Task item: Using the listing below, set down exactly the lines from the one that contains "WD337 DAMEN JEANS" through the one that contains "Air India Boeing", with no pictures.

Recorded information:

------------------------------

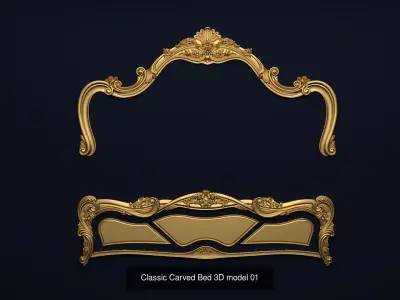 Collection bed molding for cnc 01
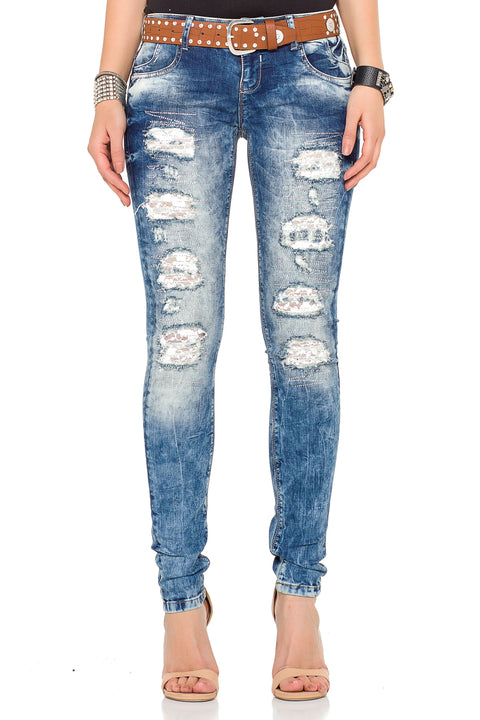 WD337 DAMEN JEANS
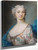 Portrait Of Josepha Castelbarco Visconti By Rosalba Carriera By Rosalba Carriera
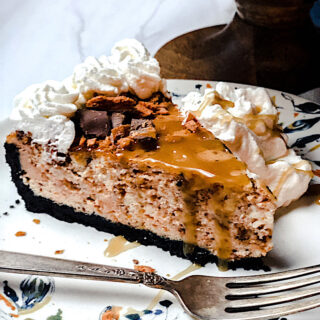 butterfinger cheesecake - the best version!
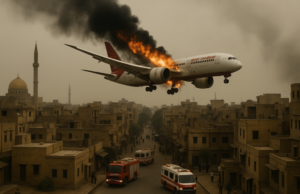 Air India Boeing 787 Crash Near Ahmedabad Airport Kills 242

------------------------------

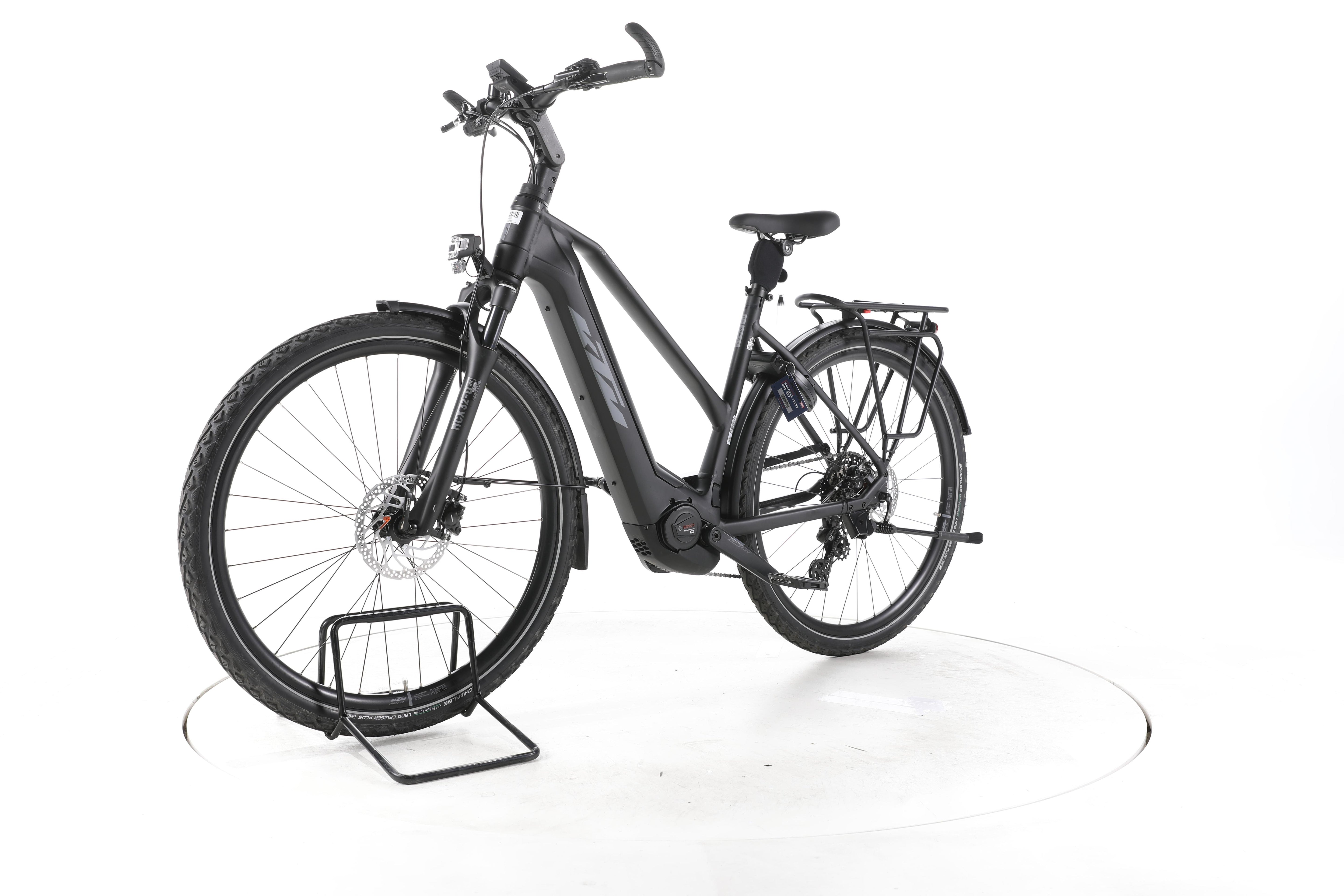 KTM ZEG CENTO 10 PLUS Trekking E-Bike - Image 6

------------------------------

Output below:
 WD337 DAMEN JEANS
 Portrait Of Josepha Castelbarco Visconti By Rosalba Carriera By Rosalba Carriera
 butterfinger cheesecake - the best version!
 Air India Boeing 787 Crash Near Ahmedabad Airport Kills 242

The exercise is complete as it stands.